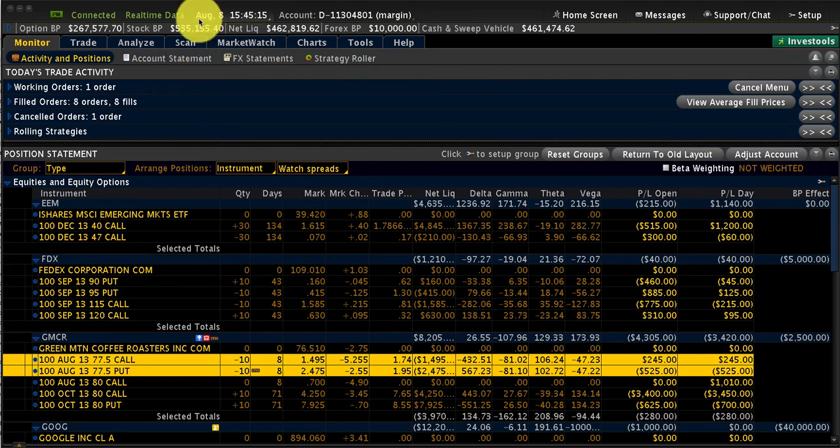Good afternoon everyone. It's Thursday 3:45 p.m. Markets are about to close. We started off negative but it turned out to be okay.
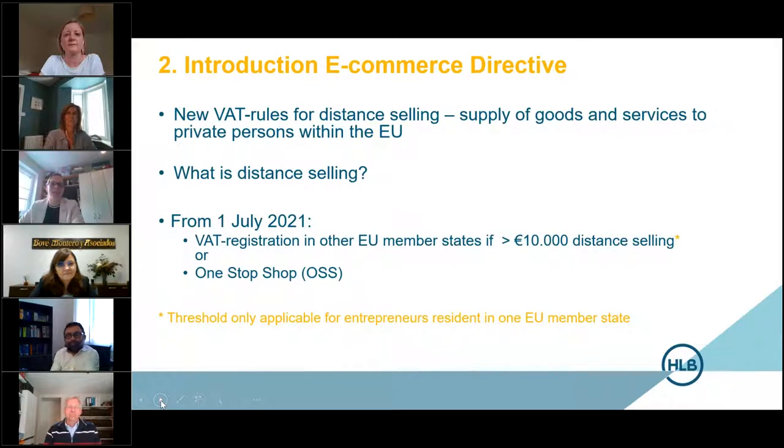We would like to start with the introduction of the two main changes for EU resident companies. There will be changes in the distance selling rules. A distance sale is a cross-border sale to a private consumer, usually taking place via a webshop or via marketplaces like Amazon or Zalando. The new thing is that the old national thresholds will be abolished with effect from 1 July 2021, meaning sales will be subject to VAT in the country of residence of the private consumer, so you will have to charge foreign VAT on your sales in each case.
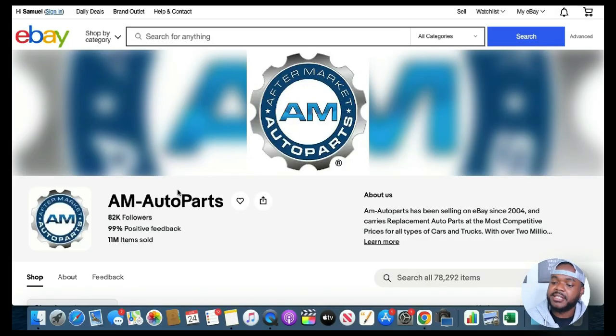So without wasting any more time, let's jump straight into it. One of the first things this eBay seller is doing right is that their branding is on point. The name of their store is AM Auto Parts. Just looking at the logo, AM stands for aftermarket, which means any person that comes across their store is automatically going to know they are focused on selling aftermarket auto parts. They've basically named their company after the type of items they sell.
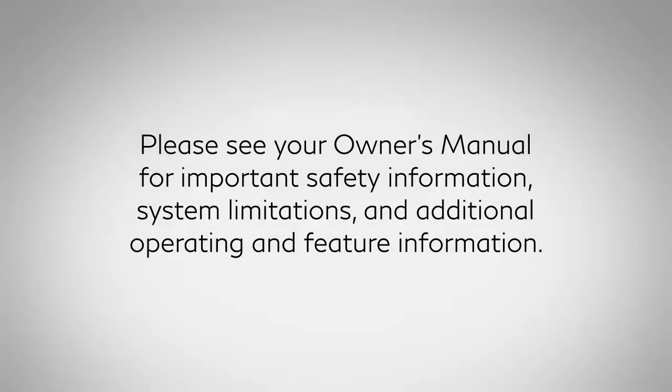Please see your owner's manual for important safety information, system limitations, and additional operating and feature information.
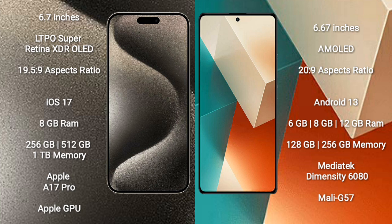iPhone 15 Pro Max runs on the iOS 17 operating system. Redmi Note 13 runs on the Android 13 operating system.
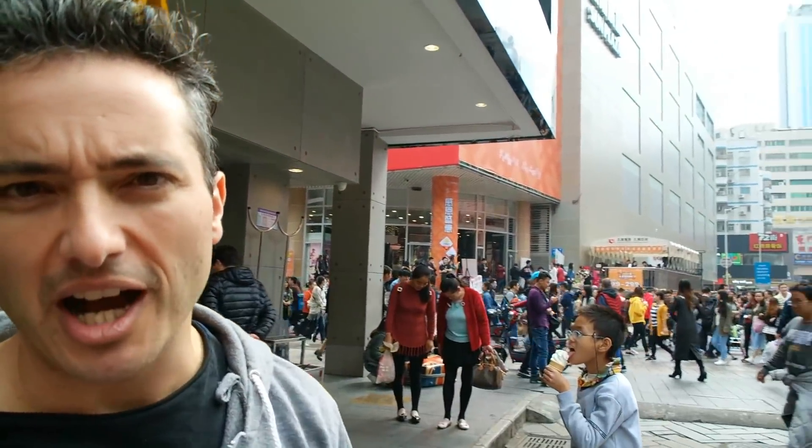We are in Shenzhen, China, our new home town. We are in the Lohu district, but two miles that way is the Hong Kong mainland border crossing, and behind me is McDonald's. Not that exciting, except this is actually the first McDonald's that opened in mainland China.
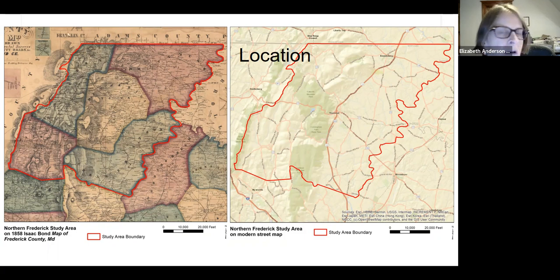To the south our boundary is basically the Lewistown area, and to the west the Washington County line. The two maps on this slide are the 1858 Isaac Bond map showing the five election districts and a modern street map showing our study boundary. The rest of the Recovering Identity project areas would cover the eastern, southern, and southwestern parts of the county, which would include Brunswick.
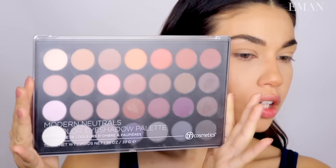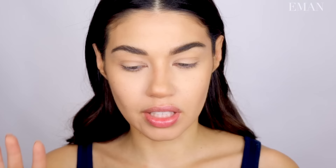I'm gonna be using the BH Cosmetics Modern Neutrals eyeshadow palette. I really love this palette because it has so many matte shadows, and I love my bronzy matte moments. Before anything, I'm gonna do a little bit of NYX eyeshadow base all over my lid. You could apply this with your fingers or with a brush — I kind of like to apply with a brush and then blend out with my finger just to make sure it's super blended.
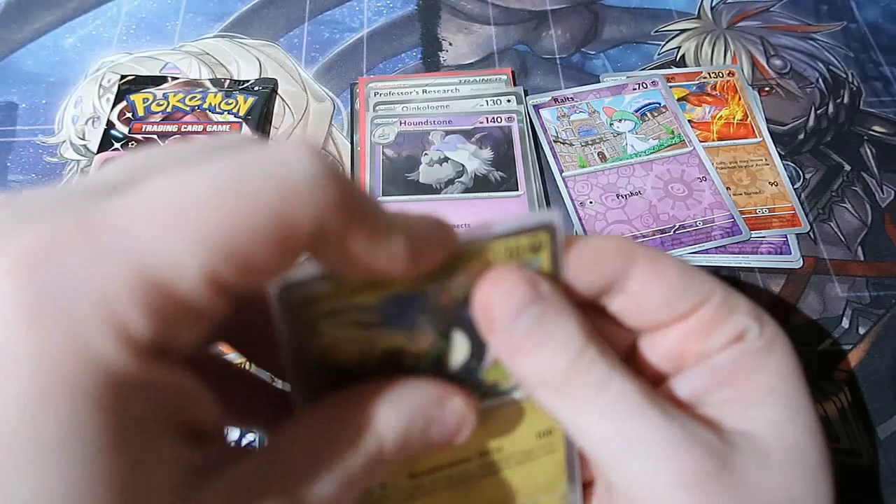Gengar, we've got the reverse Ropes and a Cyclizar — nice, I like that. That's a beautiful card.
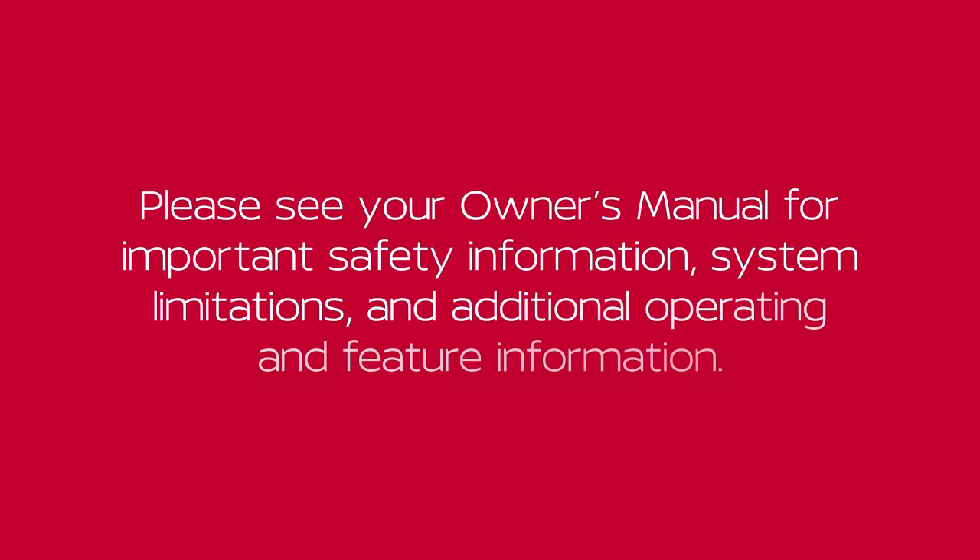Please see your owner's manual for more important safety information, system limitations and additional operating and feature information.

■ ■ ■ ■ ■ ■ ■

The listing above, line by line: print it exactly, but not its pictures.

Written response:
Good afternoon everyone. It's Thursday 3:45 p.m. Markets are about to close. We started off negative but it turned out to be okay.
We would like to start with the introduction of the two main changes for EU resident companies. There will be changes in the distance selling rules. A distance sale is a cross-border sale to a private consumer, usually taking place via a webshop or via marketplaces like Amazon or Zalando. The new thing is that the old national thresholds will be abolished with effect from 1 July 2021, meaning sales will be subject to VAT in the country of residence of the private consumer, so you will have to charge foreign VAT on your sales in each case.
So without wasting any more time, let's jump straight into it. One of the first things this eBay seller is doing right is that their branding is on point. The name of their store is AM Auto Parts. Just looking at the logo, AM stands for aftermarket, which means any person that comes across their store is automatically going to know they are focused on selling aftermarket auto parts. They've basically named their company after the type of items they sell.
Please see your owner's manual for important safety information, system limitations, and additional operating and feature information.
iPhone 15 Pro Max runs on the iOS 17 operating system. Redmi Note 13 runs on the Android 13 operating system.
We are in Shenzhen, China, our new home town. We are in the Lohu district, but two miles that way is the Hong Kong mainland border crossing, and behind me is McDonald's. Not that exciting, except this is actually the first McDonald's that opened in mainland China.
To the south our boundary is basically the Lewistown area, and to the west the Washington County line. The two maps on this slide are the 1858 Isaac Bond map showing the five election districts and a modern street map showing our study boundary. The rest of the Recovering Identity project areas would cover the eastern, southern, and southwestern parts of the county, which would include Brunswick.
I'm gonna be using the BH Cosmetics Modern Neutrals eyeshadow palette. I really love this palette because it has so many matte shadows, and I love my bronzy matte moments. Before anything, I'm gonna do a little bit of NYX eyeshadow base all over my lid. You could apply this with your fingers or with a brush — I kind of like to apply with a brush and then blend out with my finger just to make sure it's super blended.
Gengar, we've got the reverse Ropes and a Cyclizar — nice, I like that. That's a beautiful card.
Please see your owner's manual for more important safety information, system limitations and additional operating and feature information.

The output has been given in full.